===== Data for the task

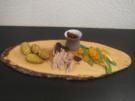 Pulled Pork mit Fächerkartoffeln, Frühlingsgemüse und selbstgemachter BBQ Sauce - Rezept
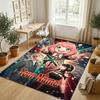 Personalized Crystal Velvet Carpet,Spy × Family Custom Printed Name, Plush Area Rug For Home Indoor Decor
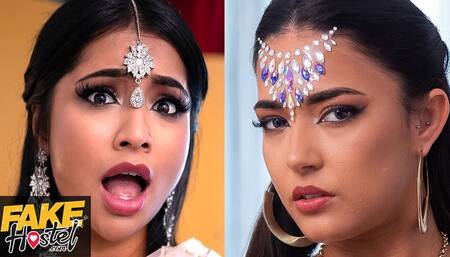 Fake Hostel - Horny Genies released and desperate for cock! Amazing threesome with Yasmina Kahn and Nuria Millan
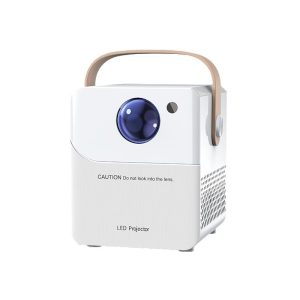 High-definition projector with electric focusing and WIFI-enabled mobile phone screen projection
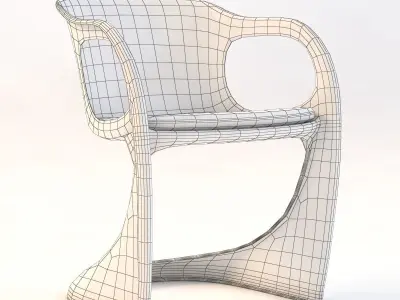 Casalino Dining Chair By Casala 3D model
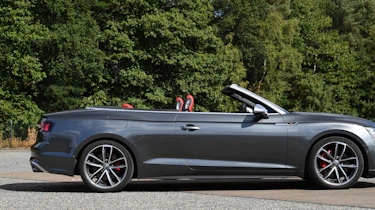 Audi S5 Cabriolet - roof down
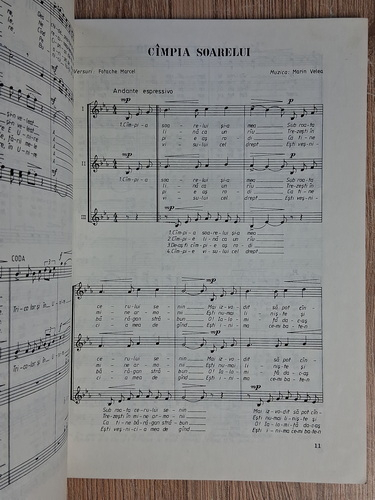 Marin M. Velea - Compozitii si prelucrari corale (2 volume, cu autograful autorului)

==========

What to produce — This task calls for the lines from the line holding "Personalized Crystal Velvet" through the last line above, restated word for word with both ends included and the pictures dropped.

Solved exercise —
 Personalized Crystal Velvet Carpet,Spy × Family Custom Printed Name, Plush Area Rug For Home Indoor Decor
 Fake Hostel - Horny Genies released and desperate for cock! Amazing threesome with Yasmina Kahn and Nuria Millan
 High-definition projector with electric focusing and WIFI-enabled mobile phone screen projection
 Casalino Dining Chair By Casala 3D model
 Audi S5 Cabriolet - roof down
 Marin M. Velea - Compozitii si prelucrari corale (2 volume, cu autograful autorului)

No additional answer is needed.